In the records below, find the line that contains "Page 2 of Sheet" and the line that contains "160 Piece Pull", then retype exactly those two lines and every line between them.

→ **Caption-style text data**

========================================

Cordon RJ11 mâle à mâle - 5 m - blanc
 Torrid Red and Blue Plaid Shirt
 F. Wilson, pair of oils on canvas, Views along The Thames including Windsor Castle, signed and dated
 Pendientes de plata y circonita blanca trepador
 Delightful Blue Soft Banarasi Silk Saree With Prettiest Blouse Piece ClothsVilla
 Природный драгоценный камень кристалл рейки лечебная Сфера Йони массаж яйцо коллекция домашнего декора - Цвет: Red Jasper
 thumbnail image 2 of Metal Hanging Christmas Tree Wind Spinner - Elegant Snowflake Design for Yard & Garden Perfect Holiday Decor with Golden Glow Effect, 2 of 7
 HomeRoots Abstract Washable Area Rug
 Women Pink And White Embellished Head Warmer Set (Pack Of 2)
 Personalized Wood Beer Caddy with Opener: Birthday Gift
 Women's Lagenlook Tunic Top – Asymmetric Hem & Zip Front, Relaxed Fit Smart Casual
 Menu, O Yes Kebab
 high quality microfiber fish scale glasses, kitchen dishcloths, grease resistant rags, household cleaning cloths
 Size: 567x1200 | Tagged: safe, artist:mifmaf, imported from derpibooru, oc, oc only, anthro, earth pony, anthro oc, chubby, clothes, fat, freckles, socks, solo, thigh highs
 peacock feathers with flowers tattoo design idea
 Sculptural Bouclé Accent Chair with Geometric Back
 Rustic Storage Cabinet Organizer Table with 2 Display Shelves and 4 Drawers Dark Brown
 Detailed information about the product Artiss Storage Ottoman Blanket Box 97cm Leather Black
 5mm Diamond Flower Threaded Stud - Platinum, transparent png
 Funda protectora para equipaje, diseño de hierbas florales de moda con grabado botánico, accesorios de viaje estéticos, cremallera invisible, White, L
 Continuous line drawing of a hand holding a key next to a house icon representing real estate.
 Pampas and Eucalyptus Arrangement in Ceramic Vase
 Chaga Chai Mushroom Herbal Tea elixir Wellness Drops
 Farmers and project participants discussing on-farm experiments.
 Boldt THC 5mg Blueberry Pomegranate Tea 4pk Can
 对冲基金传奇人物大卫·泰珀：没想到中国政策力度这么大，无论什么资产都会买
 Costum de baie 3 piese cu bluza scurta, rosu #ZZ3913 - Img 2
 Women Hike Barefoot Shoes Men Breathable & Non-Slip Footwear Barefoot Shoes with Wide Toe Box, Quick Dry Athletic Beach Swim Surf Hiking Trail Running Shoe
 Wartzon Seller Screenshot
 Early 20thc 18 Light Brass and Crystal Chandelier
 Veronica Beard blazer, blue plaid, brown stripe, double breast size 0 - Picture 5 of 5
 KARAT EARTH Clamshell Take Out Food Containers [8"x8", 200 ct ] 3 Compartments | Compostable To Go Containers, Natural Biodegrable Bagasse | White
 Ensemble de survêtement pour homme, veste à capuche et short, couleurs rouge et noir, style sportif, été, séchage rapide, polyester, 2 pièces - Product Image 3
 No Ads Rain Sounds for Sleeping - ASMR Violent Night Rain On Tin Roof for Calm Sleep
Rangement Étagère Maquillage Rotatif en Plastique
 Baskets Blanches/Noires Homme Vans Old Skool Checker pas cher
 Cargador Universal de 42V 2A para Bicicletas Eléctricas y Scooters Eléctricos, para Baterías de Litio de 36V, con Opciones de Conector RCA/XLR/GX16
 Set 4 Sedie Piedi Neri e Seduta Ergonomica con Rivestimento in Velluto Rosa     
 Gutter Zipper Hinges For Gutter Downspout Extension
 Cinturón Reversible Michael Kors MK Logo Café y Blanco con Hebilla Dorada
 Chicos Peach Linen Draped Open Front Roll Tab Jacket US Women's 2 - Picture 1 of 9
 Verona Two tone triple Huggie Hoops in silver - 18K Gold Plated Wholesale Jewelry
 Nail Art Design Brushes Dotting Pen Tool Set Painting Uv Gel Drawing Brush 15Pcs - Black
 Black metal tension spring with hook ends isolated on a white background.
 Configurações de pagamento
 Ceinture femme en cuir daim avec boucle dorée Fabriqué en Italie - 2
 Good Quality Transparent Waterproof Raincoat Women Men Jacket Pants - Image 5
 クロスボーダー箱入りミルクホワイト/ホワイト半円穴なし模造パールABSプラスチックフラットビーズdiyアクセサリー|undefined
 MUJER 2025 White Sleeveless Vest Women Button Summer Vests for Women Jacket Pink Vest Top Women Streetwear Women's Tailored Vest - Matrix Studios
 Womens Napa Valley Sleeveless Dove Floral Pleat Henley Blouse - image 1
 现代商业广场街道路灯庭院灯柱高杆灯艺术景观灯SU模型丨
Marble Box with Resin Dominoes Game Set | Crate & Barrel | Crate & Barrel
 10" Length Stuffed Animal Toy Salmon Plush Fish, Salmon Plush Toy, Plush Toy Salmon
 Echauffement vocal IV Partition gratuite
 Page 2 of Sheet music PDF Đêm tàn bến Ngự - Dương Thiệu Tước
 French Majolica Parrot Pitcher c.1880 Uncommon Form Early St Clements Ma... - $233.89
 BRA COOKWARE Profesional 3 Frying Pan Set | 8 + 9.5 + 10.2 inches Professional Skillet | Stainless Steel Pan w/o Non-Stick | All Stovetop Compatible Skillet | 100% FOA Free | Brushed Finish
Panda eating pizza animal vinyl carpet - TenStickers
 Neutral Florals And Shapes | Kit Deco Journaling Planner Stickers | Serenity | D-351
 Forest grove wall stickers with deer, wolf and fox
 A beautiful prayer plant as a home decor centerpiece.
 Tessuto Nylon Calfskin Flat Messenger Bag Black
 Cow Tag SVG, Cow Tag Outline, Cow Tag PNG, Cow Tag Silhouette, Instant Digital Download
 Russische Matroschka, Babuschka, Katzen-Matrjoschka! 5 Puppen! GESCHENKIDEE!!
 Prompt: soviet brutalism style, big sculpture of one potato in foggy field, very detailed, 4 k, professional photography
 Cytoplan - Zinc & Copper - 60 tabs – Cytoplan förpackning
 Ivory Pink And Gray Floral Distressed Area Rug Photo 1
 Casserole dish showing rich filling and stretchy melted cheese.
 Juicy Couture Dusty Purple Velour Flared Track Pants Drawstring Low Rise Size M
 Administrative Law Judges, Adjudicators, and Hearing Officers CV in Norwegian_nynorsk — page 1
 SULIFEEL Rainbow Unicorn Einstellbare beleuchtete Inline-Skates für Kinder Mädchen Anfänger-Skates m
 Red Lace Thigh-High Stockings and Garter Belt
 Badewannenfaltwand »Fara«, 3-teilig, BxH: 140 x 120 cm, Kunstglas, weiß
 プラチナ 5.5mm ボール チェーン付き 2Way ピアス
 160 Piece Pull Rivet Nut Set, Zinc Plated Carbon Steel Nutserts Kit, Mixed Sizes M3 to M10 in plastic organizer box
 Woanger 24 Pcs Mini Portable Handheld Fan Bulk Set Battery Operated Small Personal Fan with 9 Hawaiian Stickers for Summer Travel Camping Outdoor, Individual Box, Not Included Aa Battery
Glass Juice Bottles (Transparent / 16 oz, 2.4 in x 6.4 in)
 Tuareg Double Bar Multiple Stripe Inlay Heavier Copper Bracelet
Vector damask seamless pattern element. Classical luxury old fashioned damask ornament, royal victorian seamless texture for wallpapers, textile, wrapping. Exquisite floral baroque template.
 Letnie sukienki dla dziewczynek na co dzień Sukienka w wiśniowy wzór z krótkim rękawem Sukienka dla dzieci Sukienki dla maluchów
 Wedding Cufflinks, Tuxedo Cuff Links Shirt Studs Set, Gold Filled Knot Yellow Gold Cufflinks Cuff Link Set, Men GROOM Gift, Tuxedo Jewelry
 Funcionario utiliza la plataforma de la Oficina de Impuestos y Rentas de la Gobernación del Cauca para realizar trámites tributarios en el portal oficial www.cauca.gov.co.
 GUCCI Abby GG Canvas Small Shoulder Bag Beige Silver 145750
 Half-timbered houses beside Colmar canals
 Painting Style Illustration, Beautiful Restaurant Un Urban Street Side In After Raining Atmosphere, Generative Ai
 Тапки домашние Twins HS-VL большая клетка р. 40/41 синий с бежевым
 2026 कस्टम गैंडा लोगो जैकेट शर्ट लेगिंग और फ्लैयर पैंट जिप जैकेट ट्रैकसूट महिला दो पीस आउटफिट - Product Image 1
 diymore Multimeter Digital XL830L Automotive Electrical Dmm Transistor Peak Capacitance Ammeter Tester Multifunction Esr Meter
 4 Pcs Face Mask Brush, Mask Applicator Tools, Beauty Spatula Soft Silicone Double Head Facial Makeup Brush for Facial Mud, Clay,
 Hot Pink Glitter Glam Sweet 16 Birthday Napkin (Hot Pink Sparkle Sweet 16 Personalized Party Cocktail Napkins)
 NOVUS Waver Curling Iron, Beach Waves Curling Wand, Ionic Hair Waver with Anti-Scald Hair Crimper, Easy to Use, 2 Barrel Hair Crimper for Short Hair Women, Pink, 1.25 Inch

========================================

→ **TASK ANSWER**
 Page 2 of Sheet music PDF Đêm tàn bến Ngự - Dương Thiệu Tước
 French Majolica Parrot Pitcher c.1880 Uncommon Form Early St Clements Ma... - $233.89
 BRA COOKWARE Profesional 3 Frying Pan Set | 8 + 9.5 + 10.2 inches Professional Skillet | Stainless Steel Pan w/o Non-Stick | All Stovetop Compatible Skillet | 100% FOA Free | Brushed Finish
Panda eating pizza animal vinyl carpet - TenStickers
 Neutral Florals And Shapes | Kit Deco Journaling Planner Stickers | Serenity | D-351
 Forest grove wall stickers with deer, wolf and fox
 A beautiful prayer plant as a home decor centerpiece.
 Tessuto Nylon Calfskin Flat Messenger Bag Black
 Cow Tag SVG, Cow Tag Outline, Cow Tag PNG, Cow Tag Silhouette, Instant Digital Download
 Russische Matroschka, Babuschka, Katzen-Matrjoschka! 5 Puppen! GESCHENKIDEE!!
 Prompt: soviet brutalism style, big sculpture of one potato in foggy field, very detailed, 4 k, professional photography
 Cytoplan - Zinc & Copper - 60 tabs – Cytoplan förpackning
 Ivory Pink And Gray Floral Distressed Area Rug Photo 1
 Casserole dish showing rich filling and stretchy melted cheese.
 Juicy Couture Dusty Purple Velour Flared Track Pants Drawstring Low Rise Size M
 Administrative Law Judges, Adjudicators, and Hearing Officers CV in Norwegian_nynorsk — page 1
 SULIFEEL Rainbow Unicorn Einstellbare beleuchtete Inline-Skates für Kinder Mädchen Anfänger-Skates m
 Red Lace Thigh-High Stockings and Garter Belt
 Badewannenfaltwand »Fara«, 3-teilig, BxH: 140 x 120 cm, Kunstglas, weiß
 プラチナ 5.5mm ボール チェーン付き 2Way ピアス
 160 Piece Pull Rivet Nut Set, Zinc Plated Carbon Steel Nutserts Kit, Mixed Sizes M3 to M10 in plastic organizer box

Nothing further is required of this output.